Seria incompreensível, por falta de toda a lógica e até de política criminal, que na mesma conduta (embora num concurso real) fosse o aludido réu umas vezes "funcionário" (só para efeitos penais) e noutras já não o fosse.
Os T.L.P. constituem uma empresa pública, com personalidade jurídica de direito público e para efeitos penais, os seus trabalhadores desempenham funções ou nelas participam num organismo de utilidade pública.
A circunstância de o estatuto dos mesmos trabalhadores, para outros efeitos (os não penais), ser diferente não constituam obstáculo a que, à semelhança dos funcionários dos Correios e Telecomunicações, se encontrem os aludidos trabalhadores dos T.L.P. também abrangidos pelo citado artigo 437.
Nem os trabalhos preparatórios do Código Penal de 1982 são incompatíveis com tal conclusão, a qual respeita "a solução mais especifica e limitada" da fórmula ampla do género "função em pessoa colectiva pública".

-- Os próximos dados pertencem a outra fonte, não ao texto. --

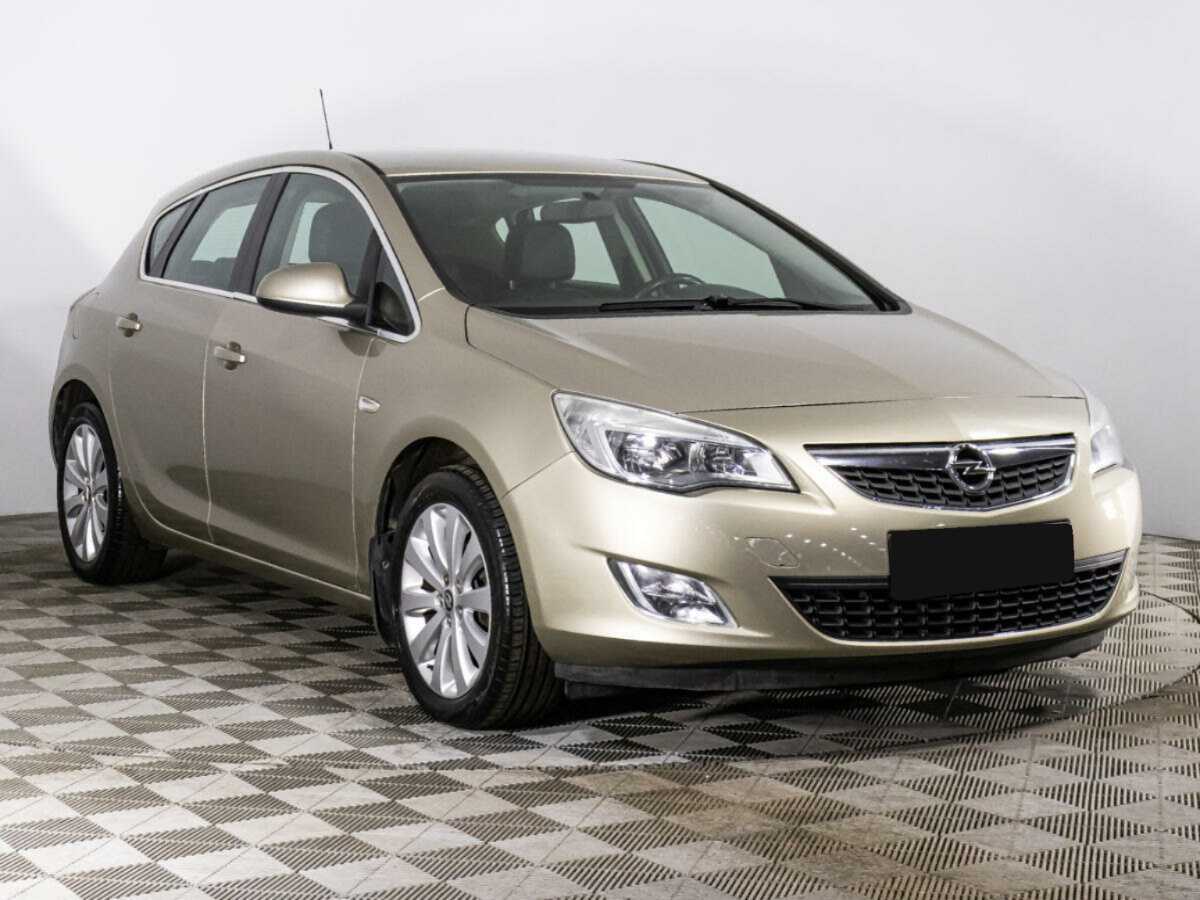 Opel Astra, 2012 - 99 197 км. | Фото №3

Portanto, mantendo-se a incriminação do artigo 228, n. 3, do Código Penal, não se encontra amnistiado (pela Lei n. 23/91) o crime de falsificação de documentos praticado pelo réu.
2.3. Pretende o réu-recorrente que praticou o crime de peculato (e não o de burla).
Mas sem razão, pois a sua conduta foi bem qualificada como abrangida pelo artigo 314, alínea c), do Código Penal (burla agravada).
Com efeito, ela enquadra-se perfeitamente no disposto no n. 1 do artigo 313 do mesmo Código, já que o aludido réu, com intenção de obter para si um enriquecimento ilegítimo através de erro ou engano sobre factos, que astuciosamente provocou, determinou ontrem à prática de actos que lhe causam, ou causem a outra pessoa, prejuízos patrimoniais.
Prejuízos patrimoniais esses manifestamente de valor consideravelmente elevado (7556368 escudos) e que ainda não se mostram reparados.
Preenchendo dolosamente documentos com declarações não correspondentes à realidade, apresentando-os em grandes quantidades aos chefes de serviços dos T.L.P., a fim de serem assinados e autorizado o respectivo pagamento (o que sempre acontecia dada a confiança que estes depositam no réu), apoderou-se, ao longo dos anos, sempre dolosamente, dos referidos 7556368 escudos, pertencentes aos T.L.P., que utilizou como se fossem seus e em seu próprio benefício.
Ao mencionado crime reiterado de burla agravada corresponde a pena abstracta de prisão de 1 a 10 anos.
Não obstante o tempo já decorrido desde que cessou a prática da aludida burla, não consideramos justificada a pretendida atenuação especial prevista na alínea d) do n. 2 do artigo 73 do Código Penal, pois o mesmo, no caso destes autos, não diminui por forma acentuada a ilicitude do facto ou a culpa do agente.
É elevado o grau da ilícitude da sua conduta e intenso o dolo da mesma, a qual resultou mais da proporção do réu para a prática de crime do que da verificação de circunstâncias exteriores que o facilitassem.
Confessou, mas sem se provar o seu arrependimento, e não ficou demonstrado que tivesse sido decisiva a colaboração que prestou para a descoberta da verdade.
Tem bom comportamento anterior e posterior, mas não se provou que até agora tivesse indemnizado os T.L.P. - nem sequer parcialmente e nem que manifestasse vontade de o fazer.
Mantemos, por adequadas, as penas parcelares e única (artigos 72 a 78, ambos do Código Penal), assim como o montante da respectiva indemnização, já indicadas no relatório do presente acórdão.
Quanto à pretendida suspensão da execução da pena, encontra-se a mesma proibida no n. 1 do artigo 48 do Código Penal visto a respectiva prisão ser superior a 3 anos.
3. Conclusão.
Pelo exposto, negou-se provimento aos recursos e confirmam o douto acórdão recorrido.
O réu pagará 40000 escudos de imposto de justiça e 1/4 de procuradoria.
Lisboa, 22 de Abril de 1993
Lopes de Melo;
Coelho Ventura;
Costa Pereira.
Decisões impugnadas:
I- Sentença de 12 de Maio de 1992 do 2 Juízo Criminal do Porto;
II- Acórdão de 8 de Julho de 1992 da Relação do Porto.